Putin draws these ideas not from the Italian fascists or any other foreigners but rather from Russian fascists in the 1920s to 1940s, including Konstantin Rodzayevsky of the All-Russian Fascist Party who at the end of his life concluded that Stalin in fact was the chief Russian fascist.
But others from that milieu also played a role, including Aleksandr Kazem-Bek, the leader of the Young Russian movement.
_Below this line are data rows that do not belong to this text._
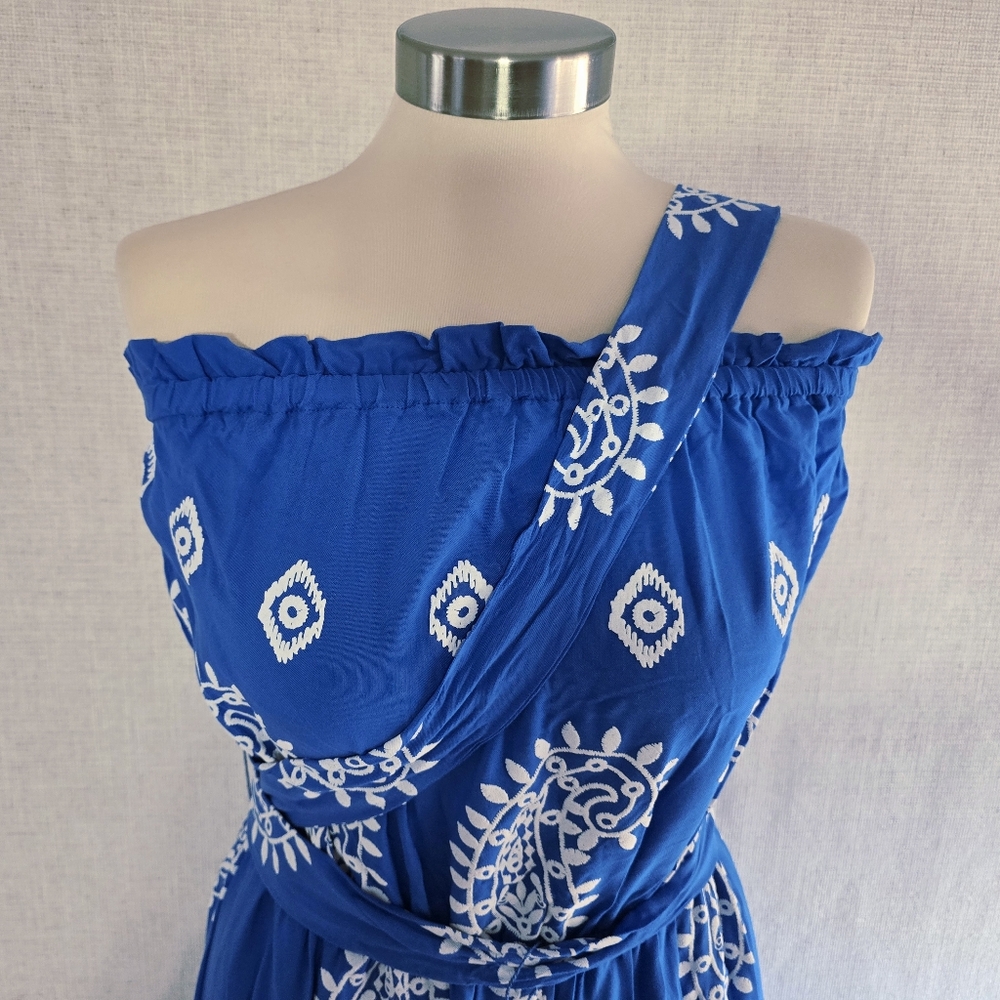 CATO est 1946 Women Jumpsuit Blue With 3D White Leaves Design Tassel Waist Tied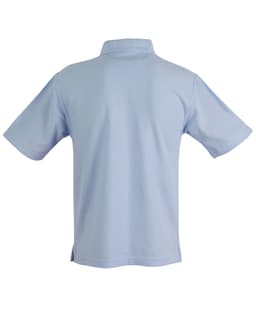 A light blue unisex traditional polo shirt featuring a collar and short sleeves, with a logo present.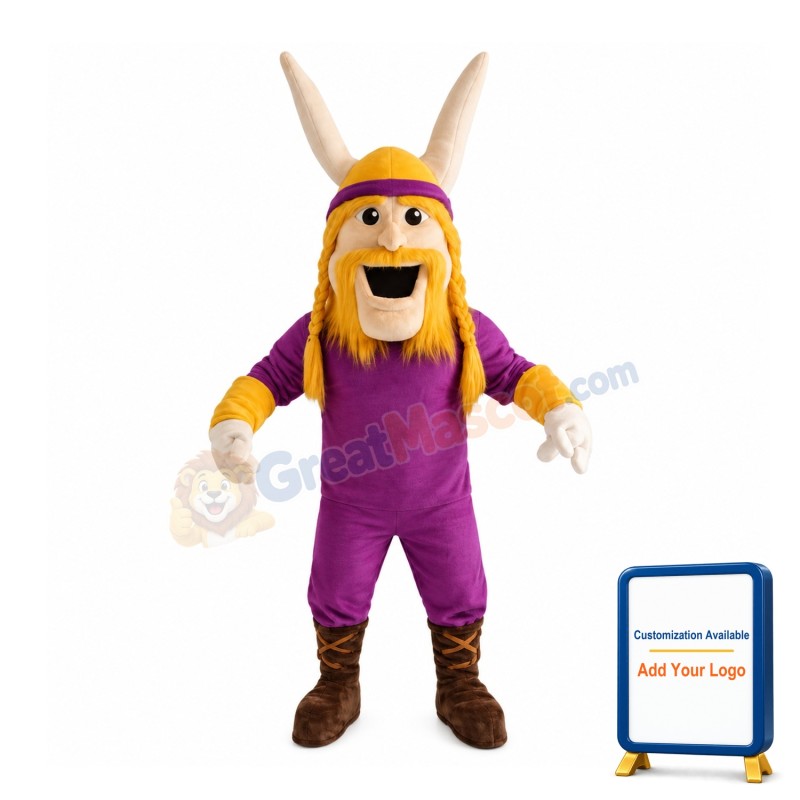 Purple Warrior With Muscle Mascot Costume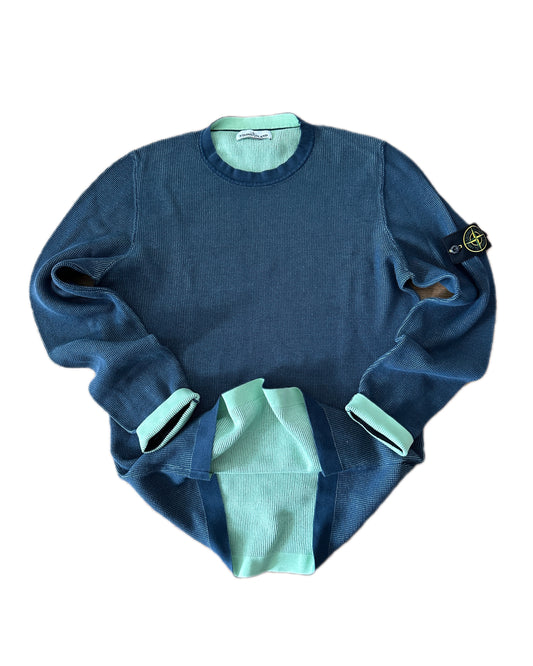 Stone Island 2018 Two Tone Cotton Knit Sweater - XXL (fits L/XL) - Made in Italy
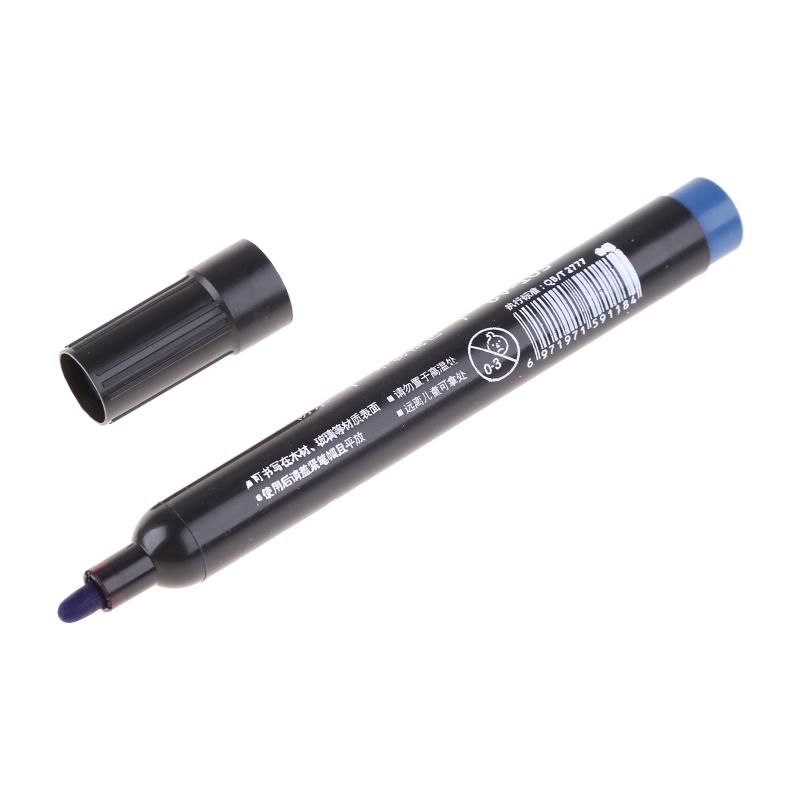 Permanent Marker Medium Point Black/Red/Blue Office Stationery Marking Writing Tool for Plastic Canvas Glass Mugs 10 Set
He in fact may have been the bridge to Putin because he worked in the editorial offices of the Journal of the Moscow Patriarchate where among his colleagues was the brother of the man who is now head of the Russian Orthodox Church.
According to Sidorov, the pastiche of ideas that Kirill absorbed and then promoted in the Russian establishment was “a parody” of the Russian original; but it was sufficiently attractive to those in the part of the Russian elite out of which Putin emerged that it has become very powerful indeed. Yet another figure who influenced Putin in this was is Ivan Ilin.
As this vision has taken shape, the Prague-based commentator says, the Kremlin has made the existence of a multitude of peoples within historical Russia an important part of its “historical uniqueness.” But in doing so, it has insisted on one condition: “these peoples must not be political nations” with their own rights.
The existence of Ukraine with its independent political nation is an offense to those who hold such views and therefore it must be destroyed because those behind Russian aggression in Ukraine know, Sidorov says, that were Ukraine to win out, “the fasces” or “bonds” holding Russia’s various peoples together would come apart.